Humdinger, like other humorous-sounding words, has attracted some fanciful origin stories. Some are complete fabrications, like the story that circulated online some years back that the word comes from the name of one Arnold Humdinger, who tried to land his biplane on the summit of Mount Everest. But the best etymological evidence suggests that humdinger is something of a mash-up of two pre-existing words with similar meanings, hummer and dinger.
Hummer has slangy meanings going all the way back to the 17th century. In Thomas Otway's Restoration comedy The Soldier's Fortune (1681), a character has this to say of a vivacious woman: "she's a hummer; such a bona roba, ah." ( Bona roba comes from Italian buonaroba meaning "good dress" or "good stuff," a term for a "a good wholesome plum-cheeked wench," as John Florio's 1598 Italian-English dictionary puts it.) It could also refer to a big or impressive lie, according to the first English slang dictionary, published in 1699.
In 19th-century American slang, the hummer label was often applied to a fast horse, ship, or train, something that hums right along. It could also refer to a person who is extraordinary in some way. And as an even bigger compliment, you could call someone "a hummer from Hummerville" (as in this example from the 1888 edition of Puck's Library).
Dinger, meanwhile, developed similar meanings based on old meaning of ding that survived in some dialects of English. As an article on "Yorkshire Dialect Words" in the Oct. 22, 1892 Leeds Mercury explained, ding could mean "to strike, push, hurl, batter, or bruise with energy, wrath, or forcefulness." And dinger, by extension, could mean "anything of a superlative character, as in size, quality, &c. 'It's a dinger.'"

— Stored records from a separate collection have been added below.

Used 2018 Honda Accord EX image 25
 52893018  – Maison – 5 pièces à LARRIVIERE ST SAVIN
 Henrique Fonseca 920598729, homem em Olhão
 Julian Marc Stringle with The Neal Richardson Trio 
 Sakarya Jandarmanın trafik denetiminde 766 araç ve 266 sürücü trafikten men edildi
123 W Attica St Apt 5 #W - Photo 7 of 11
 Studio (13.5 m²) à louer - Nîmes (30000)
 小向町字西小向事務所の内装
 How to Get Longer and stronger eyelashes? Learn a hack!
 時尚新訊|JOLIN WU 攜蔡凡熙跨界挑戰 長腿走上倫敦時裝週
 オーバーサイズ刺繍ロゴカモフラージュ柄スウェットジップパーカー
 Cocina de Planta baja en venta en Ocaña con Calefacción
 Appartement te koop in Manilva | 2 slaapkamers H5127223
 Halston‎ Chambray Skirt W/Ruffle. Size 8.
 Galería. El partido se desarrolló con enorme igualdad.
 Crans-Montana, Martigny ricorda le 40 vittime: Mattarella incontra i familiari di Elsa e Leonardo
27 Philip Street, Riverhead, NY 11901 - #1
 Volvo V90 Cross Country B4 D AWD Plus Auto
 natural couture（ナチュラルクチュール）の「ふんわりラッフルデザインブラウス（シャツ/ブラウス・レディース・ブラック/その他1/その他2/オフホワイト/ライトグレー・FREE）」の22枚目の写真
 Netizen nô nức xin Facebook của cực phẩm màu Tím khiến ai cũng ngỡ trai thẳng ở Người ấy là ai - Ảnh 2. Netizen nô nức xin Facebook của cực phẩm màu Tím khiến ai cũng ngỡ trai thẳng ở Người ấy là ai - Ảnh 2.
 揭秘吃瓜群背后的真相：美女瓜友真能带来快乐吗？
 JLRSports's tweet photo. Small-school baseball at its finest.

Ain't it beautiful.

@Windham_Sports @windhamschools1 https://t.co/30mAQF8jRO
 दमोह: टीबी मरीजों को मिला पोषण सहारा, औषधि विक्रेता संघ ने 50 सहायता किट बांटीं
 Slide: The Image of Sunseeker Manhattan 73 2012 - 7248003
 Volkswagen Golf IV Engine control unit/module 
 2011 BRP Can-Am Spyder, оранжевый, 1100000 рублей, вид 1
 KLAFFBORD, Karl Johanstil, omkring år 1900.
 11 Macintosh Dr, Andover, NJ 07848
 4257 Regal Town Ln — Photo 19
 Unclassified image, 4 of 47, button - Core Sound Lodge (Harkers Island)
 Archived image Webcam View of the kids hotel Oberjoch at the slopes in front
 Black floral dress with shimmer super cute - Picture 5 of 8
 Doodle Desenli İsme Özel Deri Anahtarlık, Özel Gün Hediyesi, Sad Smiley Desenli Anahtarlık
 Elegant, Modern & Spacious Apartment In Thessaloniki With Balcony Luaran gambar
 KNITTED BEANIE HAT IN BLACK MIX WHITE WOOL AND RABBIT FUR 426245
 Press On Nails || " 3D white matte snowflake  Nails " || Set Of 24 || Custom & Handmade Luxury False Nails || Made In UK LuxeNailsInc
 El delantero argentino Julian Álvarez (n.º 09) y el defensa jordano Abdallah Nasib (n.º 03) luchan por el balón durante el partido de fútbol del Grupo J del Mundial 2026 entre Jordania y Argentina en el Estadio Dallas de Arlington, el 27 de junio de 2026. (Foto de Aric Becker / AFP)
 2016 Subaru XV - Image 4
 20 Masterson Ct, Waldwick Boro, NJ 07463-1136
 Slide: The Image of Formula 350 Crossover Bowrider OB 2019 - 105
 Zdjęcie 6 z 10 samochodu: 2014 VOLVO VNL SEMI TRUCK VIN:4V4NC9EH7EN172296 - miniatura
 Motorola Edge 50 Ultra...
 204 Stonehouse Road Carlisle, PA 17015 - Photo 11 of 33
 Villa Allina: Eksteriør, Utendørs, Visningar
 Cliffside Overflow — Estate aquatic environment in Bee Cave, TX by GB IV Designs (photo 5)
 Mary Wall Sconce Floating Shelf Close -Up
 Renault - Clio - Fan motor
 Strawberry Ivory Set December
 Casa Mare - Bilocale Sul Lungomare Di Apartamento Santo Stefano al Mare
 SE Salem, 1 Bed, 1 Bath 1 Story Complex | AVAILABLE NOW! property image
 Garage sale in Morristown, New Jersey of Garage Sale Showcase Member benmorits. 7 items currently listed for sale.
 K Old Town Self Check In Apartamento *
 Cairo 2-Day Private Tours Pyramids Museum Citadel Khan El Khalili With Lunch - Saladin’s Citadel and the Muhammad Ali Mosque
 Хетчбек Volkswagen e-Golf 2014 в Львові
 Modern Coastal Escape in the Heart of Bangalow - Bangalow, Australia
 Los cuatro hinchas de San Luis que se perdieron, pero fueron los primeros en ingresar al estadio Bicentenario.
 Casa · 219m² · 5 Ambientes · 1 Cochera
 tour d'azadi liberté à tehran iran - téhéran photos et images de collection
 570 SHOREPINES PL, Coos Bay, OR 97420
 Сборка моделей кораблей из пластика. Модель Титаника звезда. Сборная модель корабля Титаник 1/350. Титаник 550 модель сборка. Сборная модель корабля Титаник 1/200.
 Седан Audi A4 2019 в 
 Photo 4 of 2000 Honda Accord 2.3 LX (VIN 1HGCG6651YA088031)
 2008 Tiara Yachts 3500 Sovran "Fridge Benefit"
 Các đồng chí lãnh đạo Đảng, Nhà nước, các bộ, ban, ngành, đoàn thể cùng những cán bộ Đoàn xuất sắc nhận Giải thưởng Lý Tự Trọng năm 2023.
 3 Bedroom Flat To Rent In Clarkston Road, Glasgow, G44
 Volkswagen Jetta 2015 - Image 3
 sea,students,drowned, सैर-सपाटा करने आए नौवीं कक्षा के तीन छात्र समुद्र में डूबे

The two words fused as humdinger in American usage as early as 1883. On June 4th of that year, the Daily Enterprise of Livingston, Montana published its first issue (soon after the founding of the town along the Northern Pacific Railway), and the front page carried this whimsical item:
Bill Smith, our town prognosticator, reports that fifty years hence Livingston will celebrate her "Golden Jubilee" anniversary on July 2, 3 and 4 with parades, a round-up, and a pageant. The show, he says, will be a humdinger. All citizens of Montana who are still around at that time are advised to lay their plans to attend.
The 1883 example was discovered by Stephen Goranson and shared on the American Dialect Society mailing list. A cluster of slightly later examples from the mid-1890s turn up in the newspapers of Rockford, Illinois, including in a department store's advertisements for "baby cabs" (a regional term for baby carriages).

By the time that the American Dialect Society began collecting lists of regionalisms in its publication Dialect Notes in the early 20th century, humdinger had spread to many other parts of the country. It was attested in Nebraska in 1905 and northwest Arkansas in 1909. The Arkansas word list gives an imagined exchange among students: "The lecture course this year is a dinger." "Yes, it's a hum dinger."
While dinger no longer refers to something remarkable (except in baseball, where it can refer to a home run), humdinger still survives, even if it has a quaint air to it. A slang term that lasts for such a long time truly is a humdinger.